Die Aufregung um das Spektakel am 30. Juli hat sich zwar etwas gelegt, nachdem die Kritiker sich mit dem Lageplan vertraut gemacht haben: Das Konzert findet auf dem Sportgelände der früheren Britenkaserne statt und nicht auf dem Gebiet des Kriegsgefangenenlagers. " Das macht die Sache milder, aber nicht besser", sagte Helmut Schmitz zu Beginn der Diskussion am Mittwochabend im Rathaus. Titel des Abends: " Kein Spaß im Lager". Zum kostenlosen Open-Air-Konzert des NDR mit den " Söhnen Mannheims" werden am 30. Juli, 25 000 Besucher erwartet.

Die Kritik des Vereins, der sich für den Erhalt der Lagerbaracken einsetzt, habe eine " gewisse Nachdenklichkeit" bei den Veranstaltern ausgelöst, so Schmitz. Es sei zugesagt worden, dass der Verein während der Veranstaltung über die Geschichte dieses Ortes informieren könne. Über die Form werde noch zu sprechen sein.

In Atter stößt die Kritik der Baracken-Schützer weitgehend auf Unverständnis. Friedhelm Gross, Vorsitzender des Bürgervereins Atter (" Ich spreche hier aber als Privatmann"), nannte die Vorwürfe " überzogen". Annette Niemann vom Bürgerforum Umwelt und Soziales in Atter schloss sich dem an. " Die Bürger nehmen das Lager wahr und akzeptieren die Geschichte, aber sie wollen nicht einen Stempel aufgedrückt bekommen, der nicht passt", sagte Niemann. Sie plädierte dafür, die Kaserne zur Bebauung freizugeben, " damit sich in Atter junge Familien mit Kindern ansiedeln können".
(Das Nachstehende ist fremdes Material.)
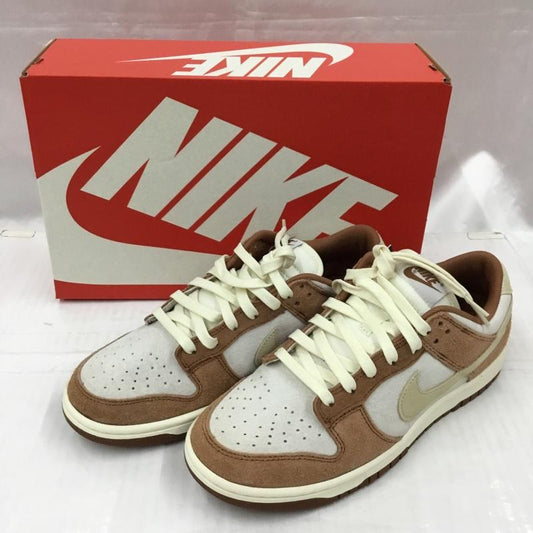 ナイキ NIKE スニーカー スニーカー DD1390 100 DUNK LOW RETRO PREMIUM Medium Curry 26.5cm 箱有 26.5cm ロゴ、文字 ベージュ / ベージュ / X 茶 / ブラウン / X 灰 / グレー /  メンズ USED 古着 中古 10104500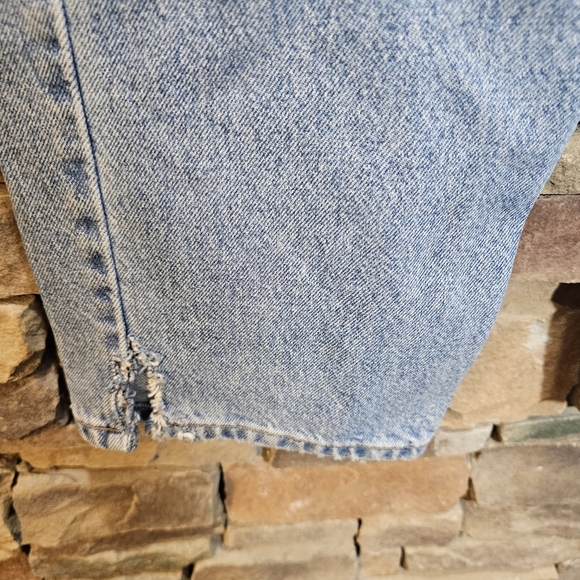 Levi's Vintage Orange Tag Upcycled High Waist 550 Relaxed Fit Jeans size 34 - Picture 5 of 11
Das forderte den Widerspruch von Calmayer-Biograf Peter Niebaum heraus: Der Verein habe keineswegs " überzogen", und niemand solle behaupten, in dem Lager sei " nichts Schlimmes" passiert. Für Niebaum war das Lager " Teil des Vernichtungskrieges" und ist damit ein Ort, der sich für solche Spektakel verbiete.

Christine Grewe vom Friedensbüro der Stadt hat keine Probleme mit dem Konzert an diesem Ort. Der Verein könne die Chance nutzen, viele Menschen über das Lager zu informieren. Sie betonte, das Offizierslager Eversheide dürfe nicht mit einem KZ oder Kriegsgefangenenlager wie Sandborstel verglichen werden.

Tilman Westphalen, Ehrenvorsitzender der Remarque-Gesellschaft, äußerte die Sorge, die Kaserne könnte auf Dauer zur " Volksbelustigungsfestwiese" werden. Das wäre mit der Geschichte der Kaserne unvereinbar. Westphalen übte scharfe Kritik an der Stadtverwaltung: Sie schaue den Bemühungen nur zu, die Lagerbaracken unter Denkmalschutz zu stellen und zu einem Ort der " Antikriegskultur und des Friedenshandelns" zu machen. Walter Gröttrup, Vorsitzender des Vereins Antikriegsbaracke, würde sich eine " ideelle Unterstützung" durch die Stadt wünschen. " Dann würden wir auch leicht Sponsoren finden."

Der Verein will vier Baracken als Ensemble erhalten. Unter Denkmalschutz steht nur eine. Die Bundesanstalt für Immobilienaufgaben (Bima) ist bereit, sie für 49 000 Euro zu verkaufen. Im Herbst will die Verwaltung dem Rat ein Konzept vorlegen.

Der Verein hatte alle Ratsfraktionen zur Diskussion eingeladen. Gekommen waren nur Christopher Cheeseman (Linke) und Nils Peters (UWG), die beide in dem Kasernen-Konzert kein Problem sehen und die Bemühungen des Vereins um ein angemessenes Gedenken begrüßten.